Every summer brings fresh headlines about tourists behaving badly at the world's most precious landmarks. This season's offender? A woman at Florence's Fountain of Neptune, who allegedly climbed barriers and made her way onto one of the sculpture's marble horses to complete a bachelorette dare. The target of her shenanigans was, well, let's just say the Roman sea-god's anatomy wasn't off-limits in her mind.
The fountain itself deserves far better. Designed by sculptor Baccio Bandinelli in 1559, it sits proudly in Piazza della Signoria, portraying mythological figures in gleaming white marble. It was commissioned by Cosimo I de Medici, the last Duke of Florence, to celebrate his gift of fresh water to the city. The monument has witnessed centuries of Florentine life and has even been featured in royal celebrations. What it didn't need to witness was someone standing on its edge for an Instagram moment (or a pre-wedding challenge).
The timing makes this incident particularly painful. In 2019, restoration experts spent 1.5 million euros bringing the fountain back to its former glory. That careful work lasted less than seven years. On April 18, 2026, the woman in question scaled the protective railings, climbed onto the horse, and damaged both the sculpture's hooves and a decorative frieze she grabbed while trying not to fall into the water. The good news: experts classified the damage as "minor but significant." The bad news: repairs will still run about 5,000 euros, and the woman now faces charges for defacing Italy's cultural heritage.
A Fountain With a Target on Its Back
This isn't the first time Neptune's statue has suffered at tourist hands. In 2005, another visitor broke off one of the sculpture's hands while scaling it for photos. In 2023, a German tourist damaged it again during a selfie session. During the 16th century, local residents even washed themselves in the water and damaged the railings in the process. In 1848, the fountain took literal fire when cannonballs struck it during political turmoil over Italian unification.
The broader pattern across Europe should worry anyone who cares about cultural preservation. The selfie problem killing wildlife tourism has become a cliche at this point, but it's not confined to nature reserves. Rome's Trevi Fountain was breached in 2023 by a visitor simply wanting to refill a water bottle. That incident prompted authorities to impose a 2-euro entrance fee just to approach the monument. In Venice that same year, passengers refusing to stop taking selfies caused a gondola to capsize. Even mountain rocks aren't safe: in 2024, an ancient stone in the Dolomites was graffitied with an anti-tourism message by someone ironically making the overtourism problem worse.
When the Dream Becomes the Nightmare
Italy's reputation for "la dolce vita" and effortless romance seems to come packaged with a certain expectation from visitors: that the rules don't apply once you're sipping Aperol Spritzers in a piazza. The country regularly dominates headlines not for its art and architecture, but for the ways tourists trash it. Europe's travel comeback is real, but it looks nothing like before, and these incidents reveal what that comeback looks like at ground level.
What's most maddening is that these aren't accidents or misunderstandings. They're dares. They're Instagram opportunities. They're moments prioritized over preservation.
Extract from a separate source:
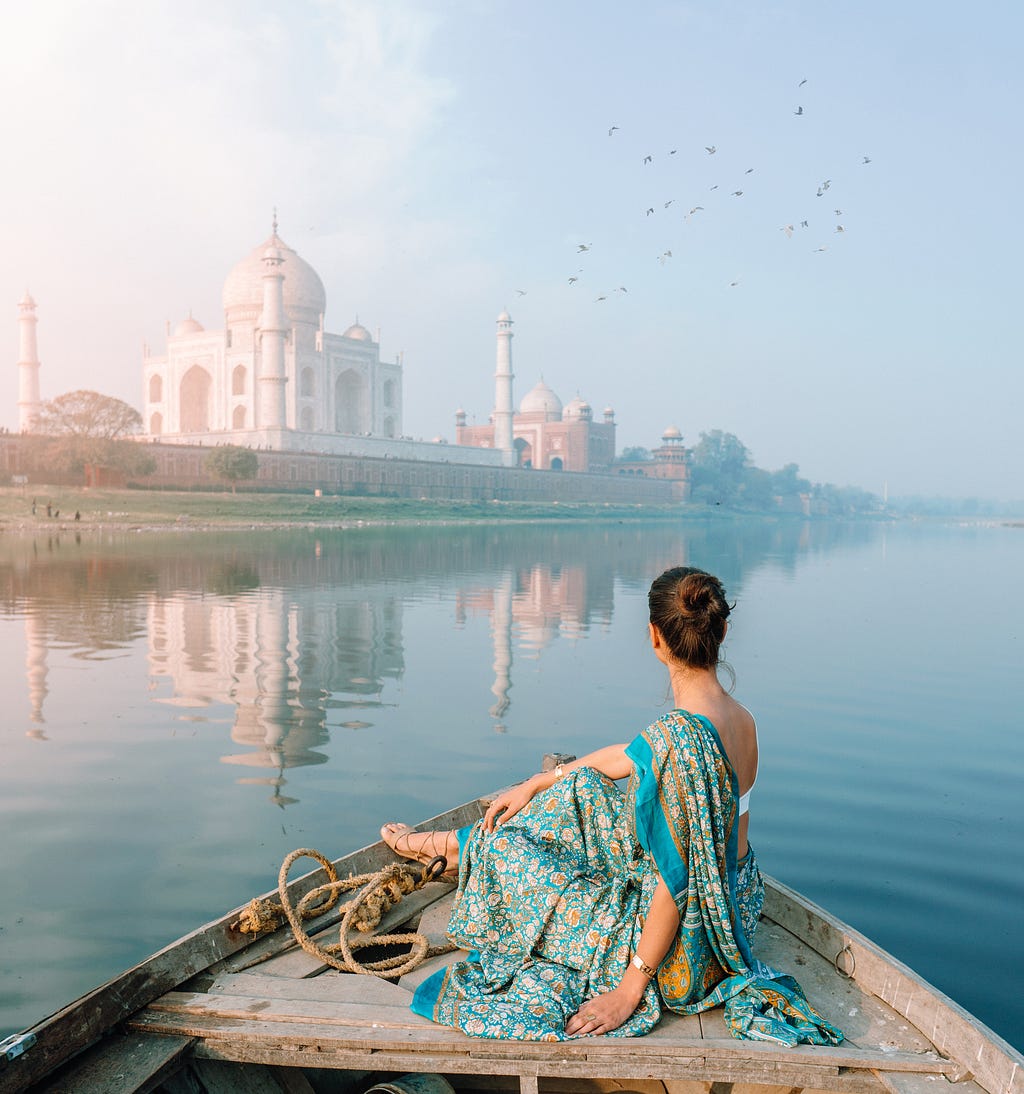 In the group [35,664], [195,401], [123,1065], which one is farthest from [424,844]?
[195,401]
The woman at Neptune's fountain knew what she was doing was wrong, which is presumably why she needed a dare to do it. The judicial system will now decide what consequences fit the crime of damaging one of Florence's greatest treasures.
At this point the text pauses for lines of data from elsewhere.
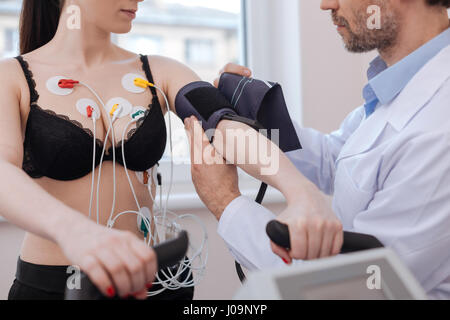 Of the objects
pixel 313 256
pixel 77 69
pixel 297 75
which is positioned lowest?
pixel 313 256

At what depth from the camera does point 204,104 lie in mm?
1023

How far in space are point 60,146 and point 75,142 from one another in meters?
0.03

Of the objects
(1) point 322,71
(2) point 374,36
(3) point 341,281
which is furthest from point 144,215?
(1) point 322,71

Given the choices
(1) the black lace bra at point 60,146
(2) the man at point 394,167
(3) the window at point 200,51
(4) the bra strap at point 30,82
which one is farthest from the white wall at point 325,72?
(4) the bra strap at point 30,82

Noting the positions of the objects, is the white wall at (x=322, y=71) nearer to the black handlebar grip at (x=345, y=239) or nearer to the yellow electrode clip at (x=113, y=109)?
the yellow electrode clip at (x=113, y=109)

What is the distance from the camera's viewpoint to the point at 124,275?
1.92ft

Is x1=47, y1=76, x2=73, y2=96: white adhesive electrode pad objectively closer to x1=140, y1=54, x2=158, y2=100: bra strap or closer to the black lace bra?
the black lace bra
For travelers planning visits to Florence, Rome, Venice, or anywhere else in Italy's crowded cultural centers, the message should be simple: the guardrails exist for a reason. The "no entry" signs protect something irreplaceable. And some moments are better experienced with respect than recorded for social media. The fountains, frescoes, and facades that drew you there in the first place deserve more than a punchline in someone's story.